Your task is to restate word for word the lines in the material below, from the one with "Photo 1 of Andis" up to and including the one with "Women's Lightweight Vest". Do not carry over the pictures.

◆ **DATA EXTRACT**
◇ ◇ ◇

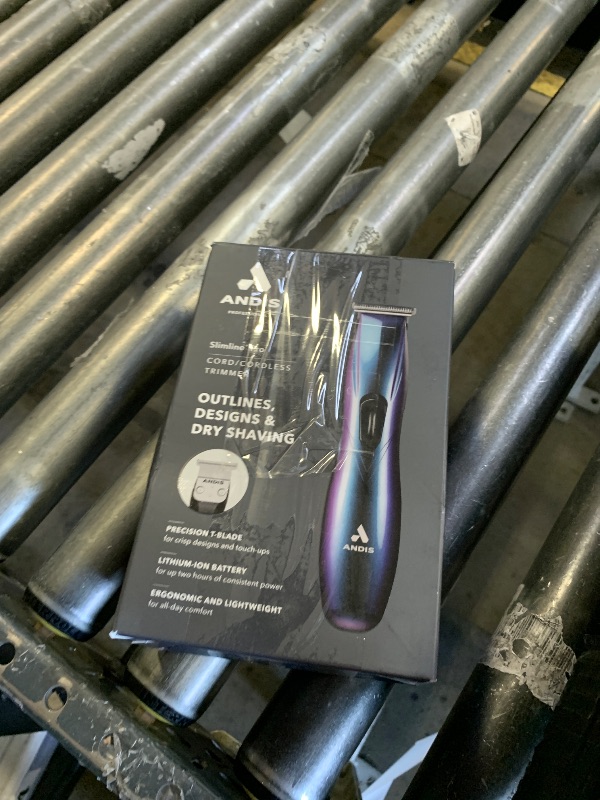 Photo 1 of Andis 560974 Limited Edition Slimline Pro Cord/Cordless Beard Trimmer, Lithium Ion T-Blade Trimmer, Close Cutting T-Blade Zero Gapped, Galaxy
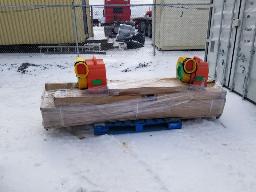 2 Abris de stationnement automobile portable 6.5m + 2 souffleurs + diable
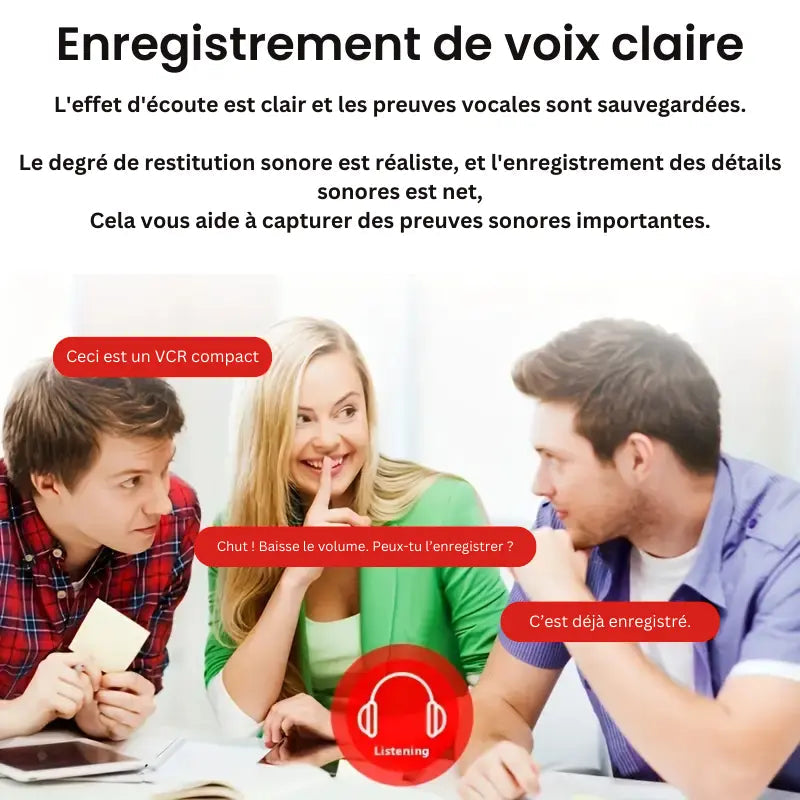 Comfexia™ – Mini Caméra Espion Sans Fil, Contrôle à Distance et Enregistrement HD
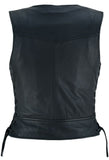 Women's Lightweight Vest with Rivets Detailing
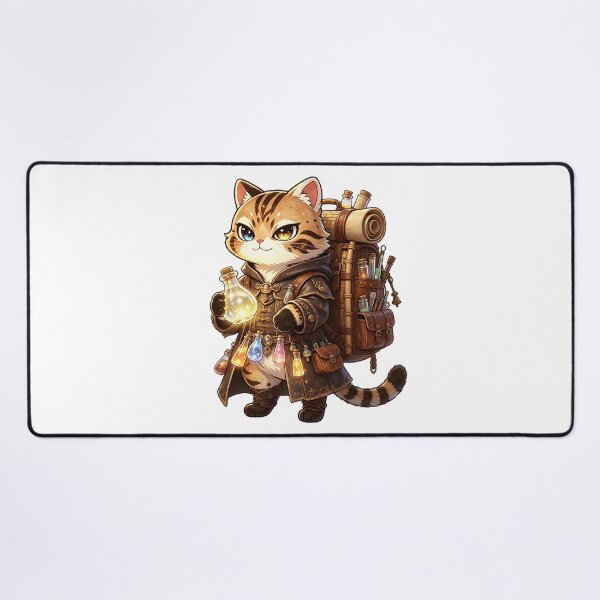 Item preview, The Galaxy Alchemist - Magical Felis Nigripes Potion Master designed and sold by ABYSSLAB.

◇ ◇ ◇

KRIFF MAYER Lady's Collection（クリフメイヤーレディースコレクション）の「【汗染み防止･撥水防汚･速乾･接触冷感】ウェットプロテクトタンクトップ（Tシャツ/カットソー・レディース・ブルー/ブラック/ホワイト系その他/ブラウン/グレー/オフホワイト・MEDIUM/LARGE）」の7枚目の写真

◇ ◇ ◇

◆ **WRITTEN SOLUTION**
 Photo 1 of Andis 560974 Limited Edition Slimline Pro Cord/Cordless Beard Trimmer, Lithium Ion T-Blade Trimmer, Close Cutting T-Blade Zero Gapped, Galaxy
 2 Abris de stationnement automobile portable 6.5m + 2 souffleurs + diable
 Comfexia™ – Mini Caméra Espion Sans Fil, Contrôle à Distance et Enregistrement HD
 Women's Lightweight Vest with Rivets Detailing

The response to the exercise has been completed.